►

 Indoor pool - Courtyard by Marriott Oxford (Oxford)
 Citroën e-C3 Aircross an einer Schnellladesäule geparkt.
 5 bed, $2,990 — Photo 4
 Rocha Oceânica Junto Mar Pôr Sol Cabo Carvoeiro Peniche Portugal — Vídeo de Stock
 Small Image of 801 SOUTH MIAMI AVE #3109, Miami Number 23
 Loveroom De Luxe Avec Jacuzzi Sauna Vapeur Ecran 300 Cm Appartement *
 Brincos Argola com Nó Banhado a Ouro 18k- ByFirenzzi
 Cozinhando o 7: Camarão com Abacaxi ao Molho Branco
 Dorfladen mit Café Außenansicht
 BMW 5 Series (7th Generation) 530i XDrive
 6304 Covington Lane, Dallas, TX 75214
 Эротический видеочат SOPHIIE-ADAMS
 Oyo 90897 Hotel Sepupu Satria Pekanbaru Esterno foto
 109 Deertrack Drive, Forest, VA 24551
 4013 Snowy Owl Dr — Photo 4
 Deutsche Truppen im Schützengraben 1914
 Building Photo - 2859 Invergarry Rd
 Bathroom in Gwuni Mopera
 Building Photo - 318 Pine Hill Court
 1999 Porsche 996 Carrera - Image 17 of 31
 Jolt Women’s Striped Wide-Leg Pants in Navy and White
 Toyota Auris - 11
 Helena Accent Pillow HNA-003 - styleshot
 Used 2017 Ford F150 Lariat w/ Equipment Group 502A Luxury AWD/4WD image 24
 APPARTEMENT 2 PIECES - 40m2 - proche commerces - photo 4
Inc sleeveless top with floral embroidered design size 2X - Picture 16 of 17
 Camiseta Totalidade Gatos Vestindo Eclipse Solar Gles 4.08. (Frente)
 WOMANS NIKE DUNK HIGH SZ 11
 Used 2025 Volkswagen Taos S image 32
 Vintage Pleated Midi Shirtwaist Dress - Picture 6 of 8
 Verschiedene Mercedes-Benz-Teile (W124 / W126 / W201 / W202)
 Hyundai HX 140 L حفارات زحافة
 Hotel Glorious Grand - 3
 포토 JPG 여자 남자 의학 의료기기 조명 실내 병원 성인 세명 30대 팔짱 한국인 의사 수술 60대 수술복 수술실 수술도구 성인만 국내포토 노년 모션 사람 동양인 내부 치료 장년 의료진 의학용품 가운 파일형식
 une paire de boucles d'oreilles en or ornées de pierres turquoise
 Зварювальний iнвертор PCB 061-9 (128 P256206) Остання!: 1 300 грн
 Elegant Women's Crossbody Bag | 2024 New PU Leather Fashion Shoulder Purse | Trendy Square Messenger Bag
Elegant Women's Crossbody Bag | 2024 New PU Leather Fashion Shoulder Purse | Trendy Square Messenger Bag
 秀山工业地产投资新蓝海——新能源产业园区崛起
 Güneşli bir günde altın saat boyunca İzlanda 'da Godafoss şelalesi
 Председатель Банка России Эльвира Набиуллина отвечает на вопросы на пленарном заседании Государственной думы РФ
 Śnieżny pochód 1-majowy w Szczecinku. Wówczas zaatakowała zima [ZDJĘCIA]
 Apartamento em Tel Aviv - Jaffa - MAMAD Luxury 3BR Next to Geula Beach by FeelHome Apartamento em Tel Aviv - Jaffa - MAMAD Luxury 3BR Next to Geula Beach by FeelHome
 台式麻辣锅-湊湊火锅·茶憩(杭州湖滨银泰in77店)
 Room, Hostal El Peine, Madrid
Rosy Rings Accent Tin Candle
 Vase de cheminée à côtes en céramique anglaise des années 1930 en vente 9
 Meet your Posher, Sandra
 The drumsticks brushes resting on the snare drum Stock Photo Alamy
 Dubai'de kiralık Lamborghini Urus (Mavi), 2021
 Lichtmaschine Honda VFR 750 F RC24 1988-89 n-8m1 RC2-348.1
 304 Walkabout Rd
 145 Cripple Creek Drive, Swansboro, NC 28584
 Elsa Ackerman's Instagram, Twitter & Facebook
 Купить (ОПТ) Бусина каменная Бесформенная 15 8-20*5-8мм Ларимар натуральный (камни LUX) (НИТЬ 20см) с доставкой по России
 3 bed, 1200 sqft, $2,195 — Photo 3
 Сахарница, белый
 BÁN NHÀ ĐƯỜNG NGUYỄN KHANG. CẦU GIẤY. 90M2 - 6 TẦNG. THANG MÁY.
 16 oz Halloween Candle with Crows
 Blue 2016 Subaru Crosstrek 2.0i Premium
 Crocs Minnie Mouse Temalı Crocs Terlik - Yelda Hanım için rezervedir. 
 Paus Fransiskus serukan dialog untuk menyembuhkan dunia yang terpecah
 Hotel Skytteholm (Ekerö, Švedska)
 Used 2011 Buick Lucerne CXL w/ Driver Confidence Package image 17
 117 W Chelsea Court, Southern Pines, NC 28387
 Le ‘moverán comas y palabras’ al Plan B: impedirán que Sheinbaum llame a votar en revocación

◄

● **Work to be completed**
Give the number of lines in this material that include the string "Shoulder", with no other text.

● **Problem solution**
2